After centrifugation, a 12-channel pipette (Costar) was used to transfer 400 μl of supernatant-containing DNA to the 96-well filter plate mounted on top of the receiver plate. The assembly, consisting of filter plate and receiver plate, was then subjected to an additional centrifugation at 4000 rpm for 15 min. After centrifugation, the filter plate assembly was dismantled and the ethanol decanted. The DNA pellet was washed with 250 μl of 80% ethanol, dried, and resuspended in the appropriate volume of 10 mm Tris-HCl, 0.1 mm EDTA. This alternative procedure has the advantage of being somewhat more rapid and substantially less expensive due to the use of Polyfiltronics plasticware.
Restriction Enzyme Digestion
For PAC, P1, and BAC DNAs, individual restriction digests consisted of 3.75 μl of ddH20, 1 μl of 10× buffer “B” (Boehringer-Mannheim), 0.25 μl of _Hin_dIII (40 U/μl; Boehringer-Mannheim), and 5 μl of DNA. For fosmids, individual restriction digestions contained 2.75 μl of ddH20, 1 μl of 10× buffer “B” (Boehringer-Mannheim), 0.125 μl of _Hin_dIII (40 U/μl; Boehringer-Mannheim), 0.1 μl of _Pst_I (100 U/μl; NEB), and 6 μl of DNA. For cosmids, each digest contained 6.75 μl of ddH20, 1 μl 10× buffer “B”, 0.25 μl of _Hin_dIII (40 U/μl; Boehringer-Mannheim), and 2 μl of DNA. Components of the digestion cocktail were assembled in 96-well thin wall cycle plates (Robbins Scientific). Digestion was achieved by incubation of the cycle plates at 37°C for 4.5 hr in a 96-well thermocycler (MJ Research). After digestion a brief centrifugation collected the DNA in the bottom of the wells and 2 μl of 6× loading dye (0.25% bromophenol blue, 0.25% xylene cyanol FF, 15% Ficoll; Sambrook et al. 1989) was added to each well. Cycle plates were sealed with foil tape and stored at 4°C overnight before agarose gel electrophoresis.

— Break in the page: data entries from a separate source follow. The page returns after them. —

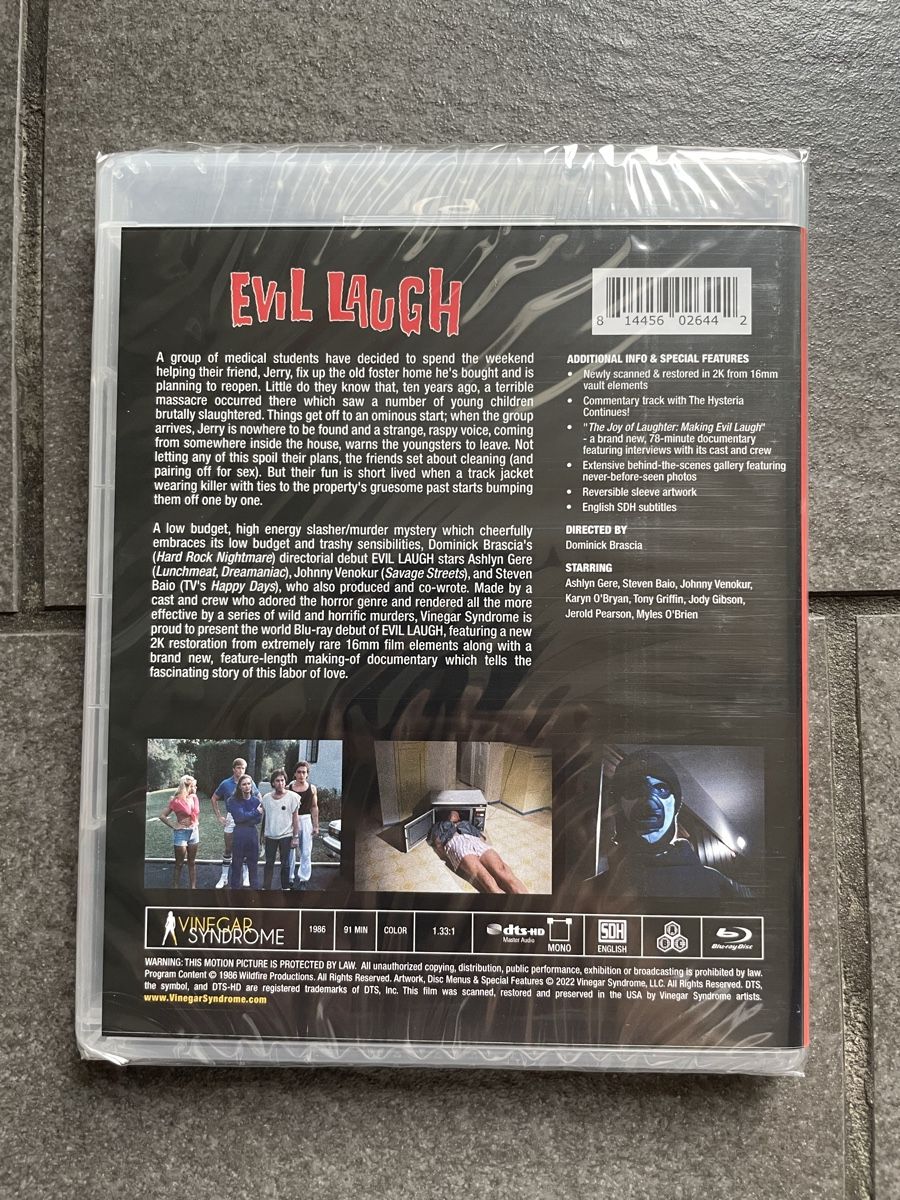 Tutti i DVDs: Evil Laugh Blu-ray Vinegar Syndrome – Nuovo (secondo la descrizione) da Zürich venduto da cENS0R 3
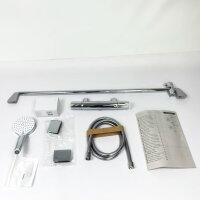 hansgrohe Crometta shower system, 0.90 m, silver
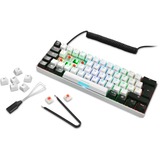 Sharkoon SGK50 S4 teclado USB QWERTY Español Blanco, Teclado para gaming blanco/Negro, 60%, USB, QWERTY, LED RGB, Blanco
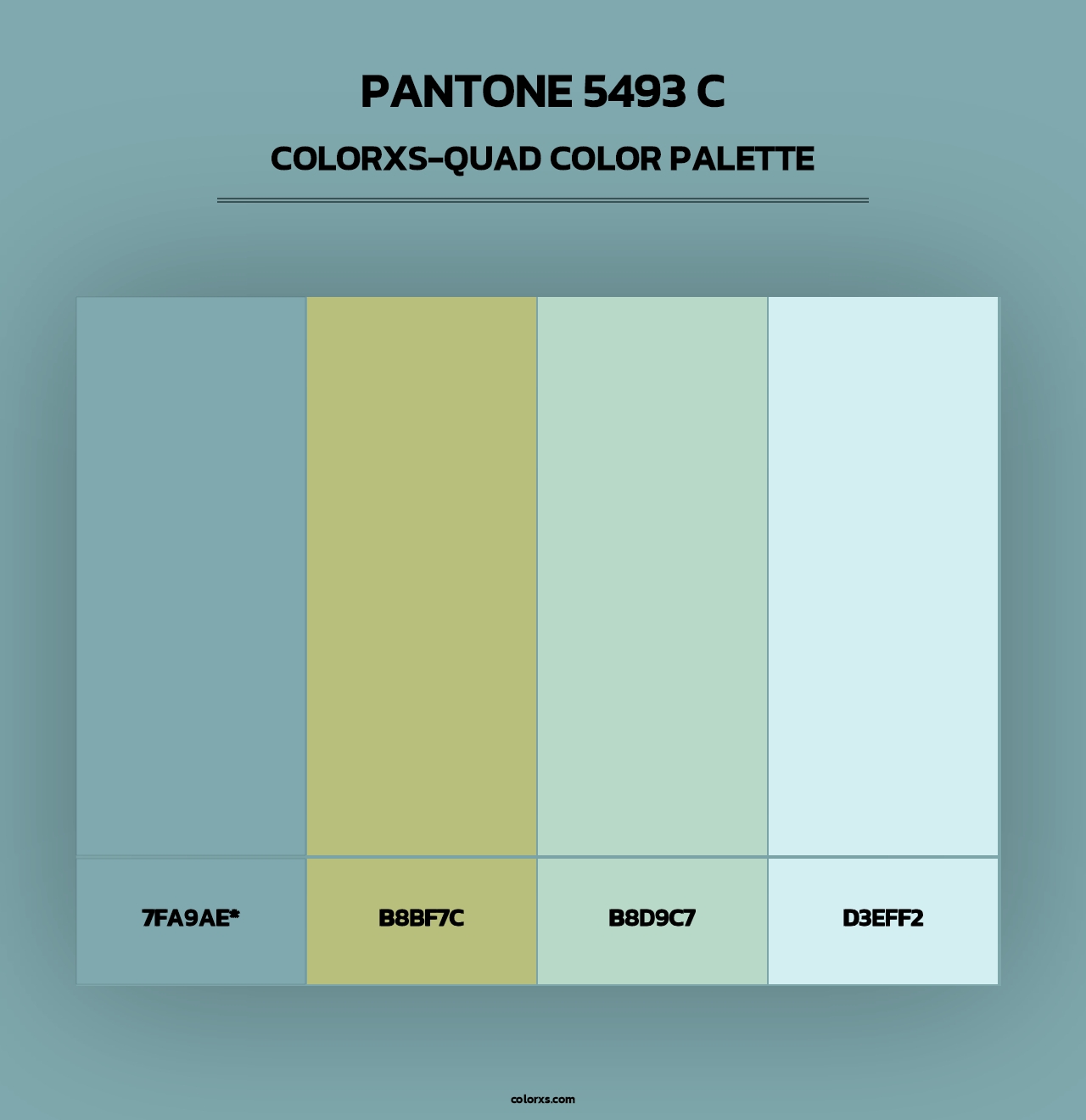 PANTONE 5493 C - Colorxs Quad Palette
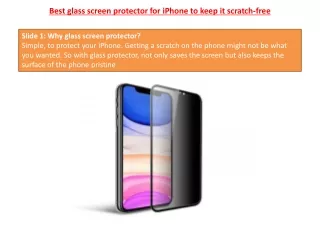 Best glass screen protector for iPhone to keep it scratch-free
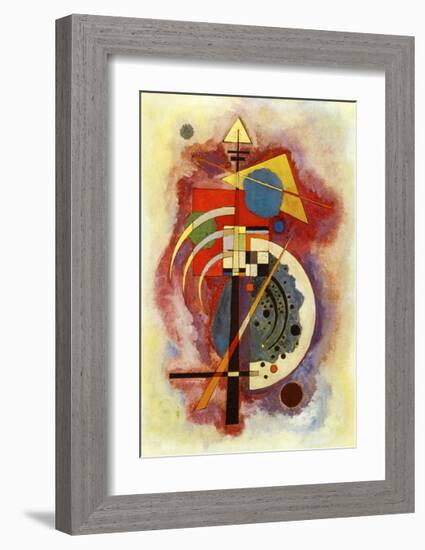 Hommage to Grohmann-Wassily Kandinsky-Framed Art Print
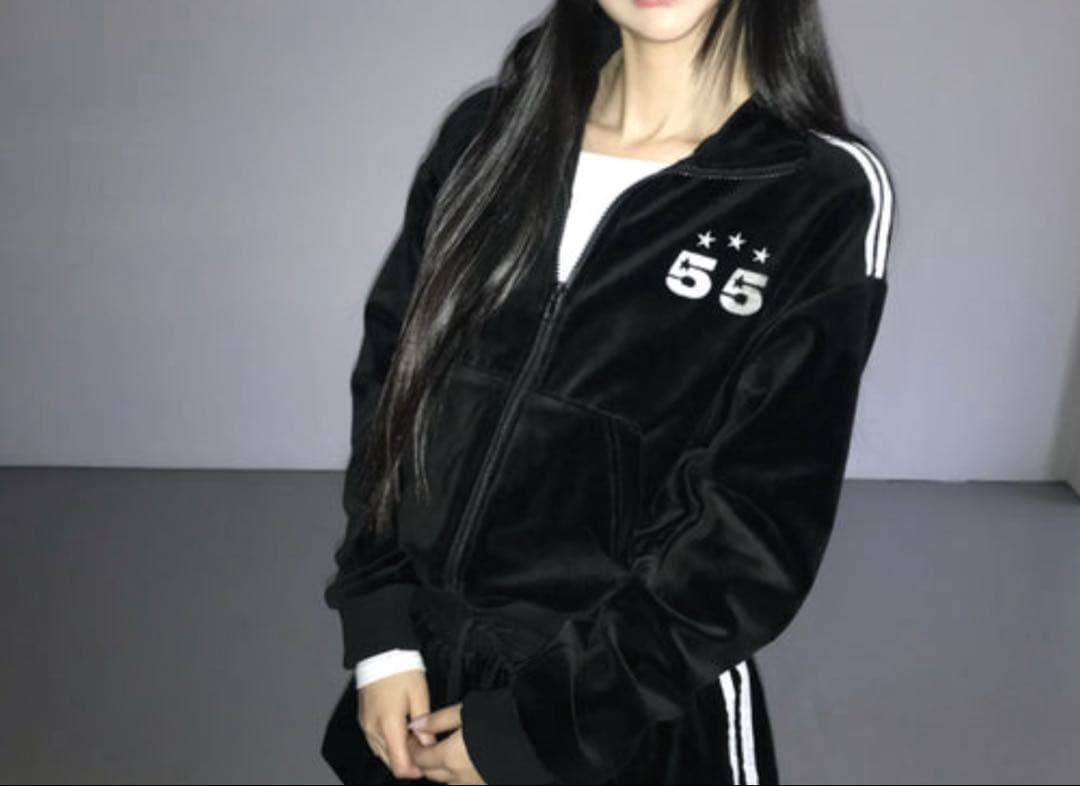 theairtown ファイブトラックジップアップ　黒　ブラック　ジャージ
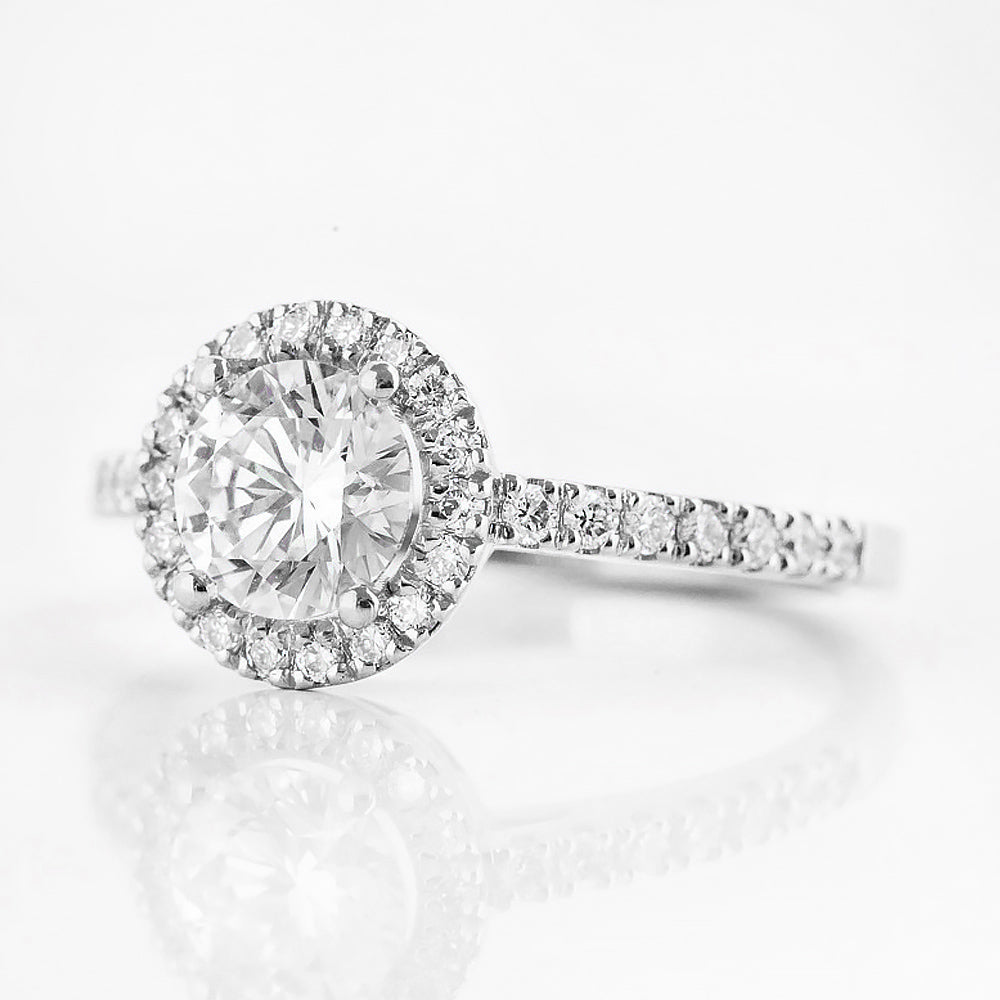 Emily, a Brilliant cut Lab Diamond Halo Engagement Ring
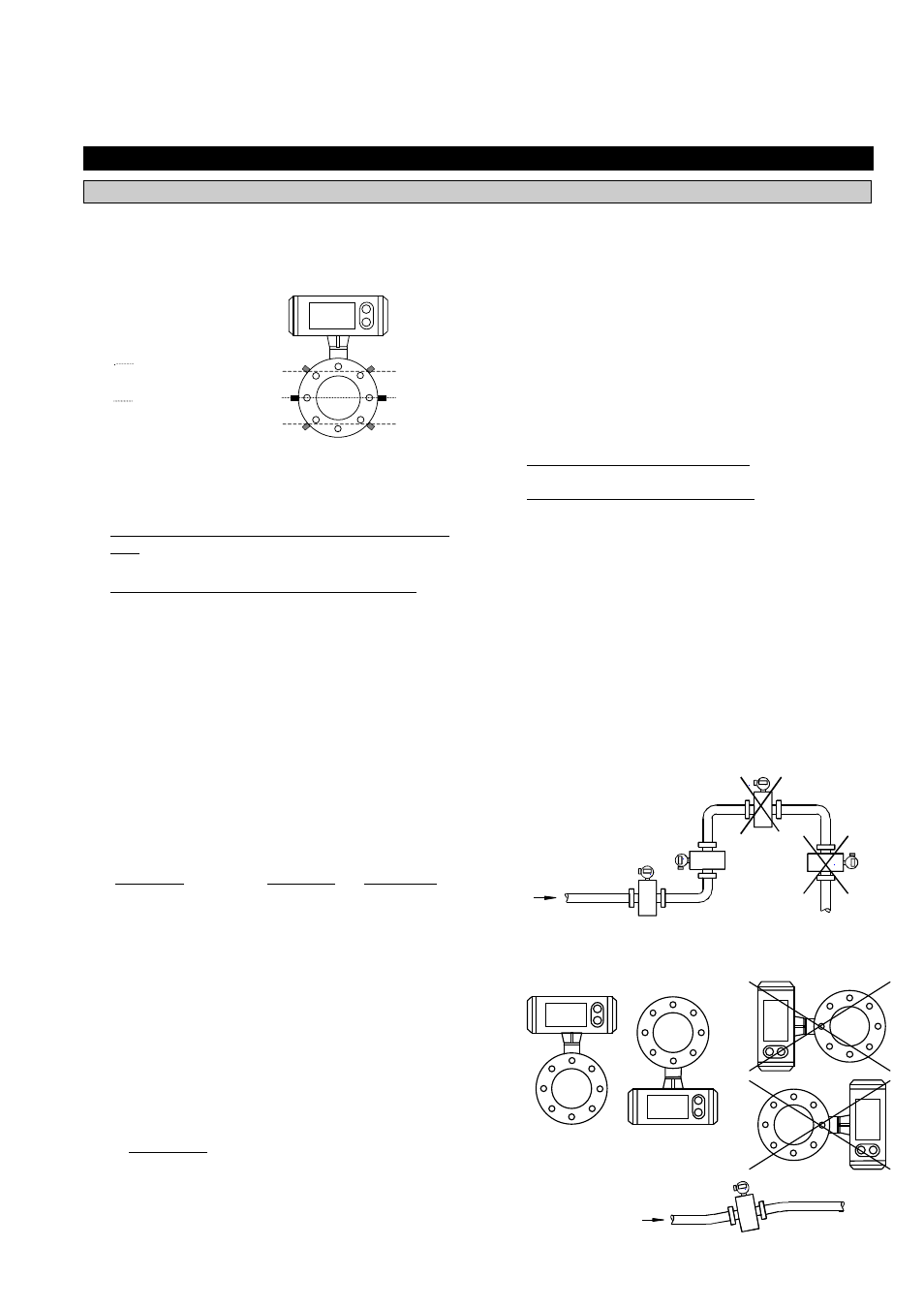 Part a system installation and start-up | KROHNE UFM 500 EN User Manual | Page 5 / 52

Agarose Gel Electrophoresis and Data Acquisition
One percent agarose (SeaKem LE; FMC BioProducts) gels were prepared in 1× TAE (Sambrook et al. 1989). Molten agarose was cooled to 46°C in a water bath with occasional stirring and then poured into 20 by 25-cm UV transparent trays (Life Technologies) resting on a level surface. The comb was then inserted. For each gel 150 ml of molten agarose was used resulting in a gel thickness of approximately 3.5 mm. The comb formed 51 wells (D. Panussis, unpubl.) with the following dimensions: 2 mm wide by 1 mm thick by 3 mm deep, where thick is the dimension in the direction of DNA migration. After the gel solidified the comb was removed, the gel was wrapped in Saran Wrap and stored at 4°C until electrophoresis. This storage time period never exceeded 3 days. Gels were removed from 4°C storage and placed into electrophoresis units containing buffer at the desired electrophoresis temperature for at least 10 min before sample loading. The restriction enzyme digestion/loading dye mixture (1.75 μl) was loaded into each well. In the first well and every fifth well thereafter 1 μl of a standard “marker” DNA sample was loaded. Marker DNA was a mixture of 1 kb ladder (Life Technologies) and both Marker II and Marker III (Boehringer-Mannheim) in the following proportions: 0.83 μl (1 μg/μl) 1 kb ladder, 3.33 μl (250 ng/μl) Marker II, 3.33 μl (250 ng/μl) Marker III, 92.51 μl TE [10 mm Tris (pH 8.0), 0.1 mm EDTA (pH 8.0)], 25 μl 6× loading dye. Immediately before electrophoresis 20 μl of this mixture was removed to a separate tube, diluted by the addition of 17 μl of TE and 3 μl of 6× loading dye and incubated at 60°C for 5 min.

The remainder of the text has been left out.